WHAT YOU NEED TO DO:
The reply must consist of the complete listing, reproduced exactly, with no images included.

EXERCISE DATA:
***

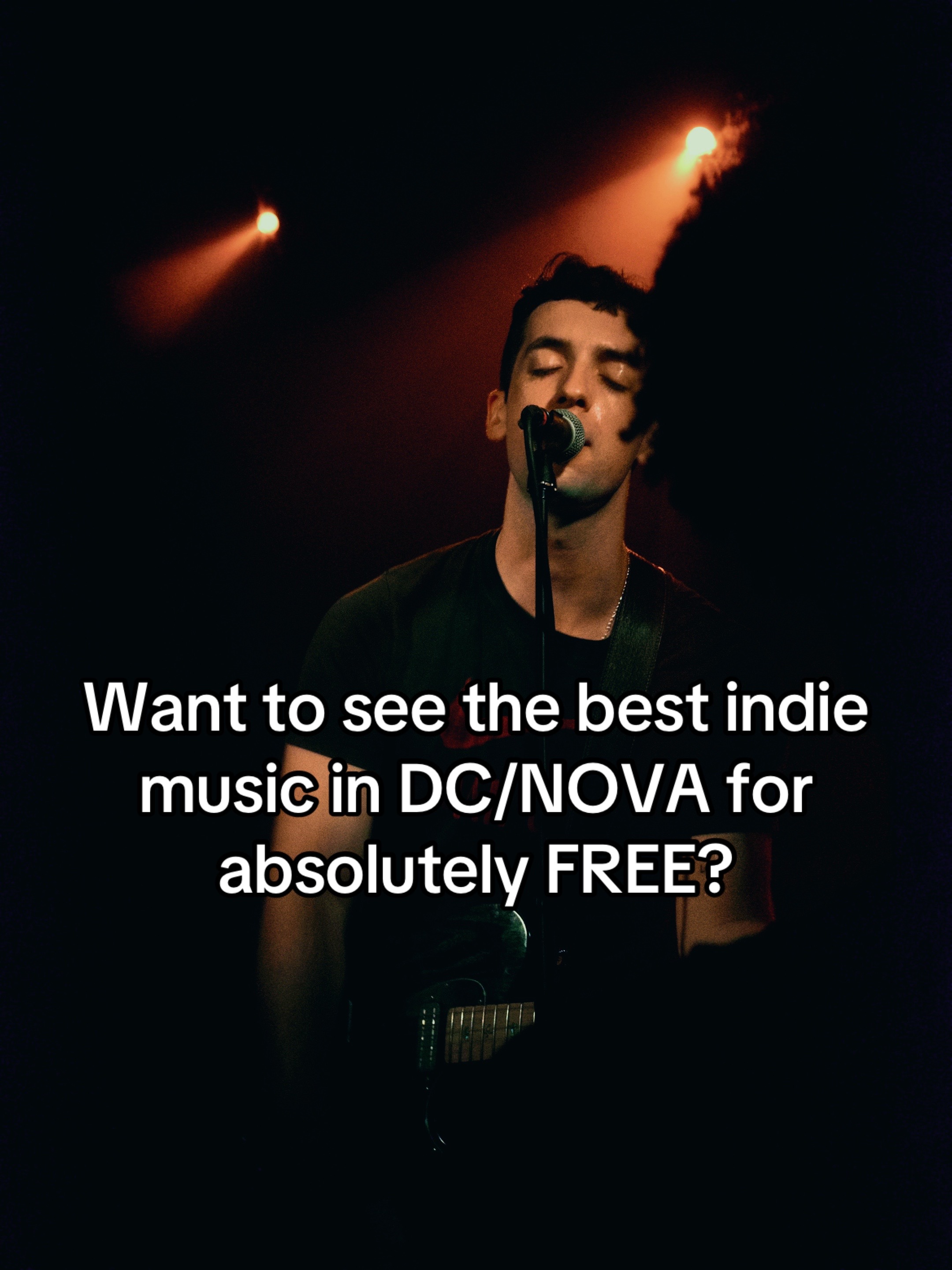 @The Montaines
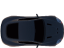 Austin Martin DB9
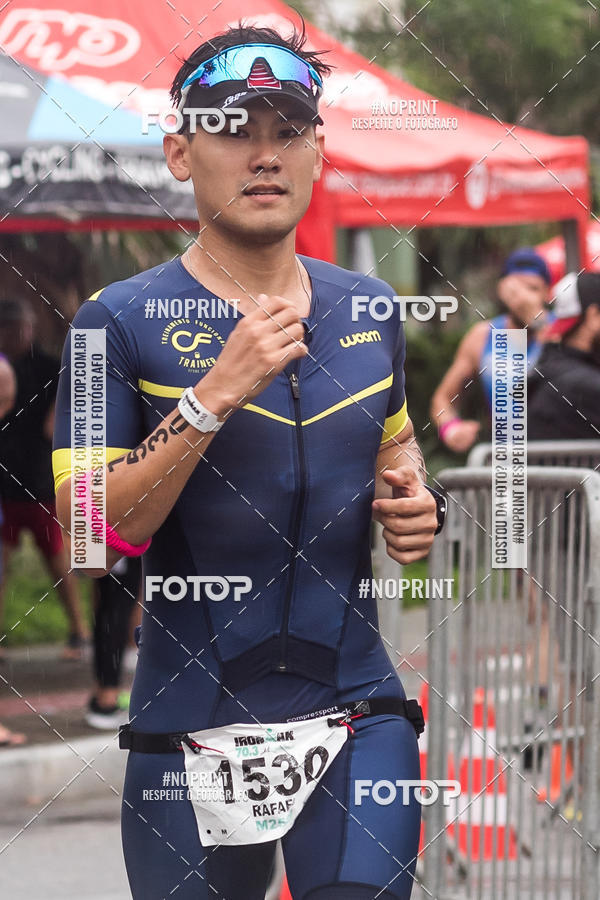 Buy your photos of the eventIronman 70.3 Florianpolis 2019 on Fotop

***

YOUR RESPONSE:
 @The Montaines
 Austin Martin DB9
 Buy your photos of the eventIronman 70.3 Florianpolis 2019 on Fotop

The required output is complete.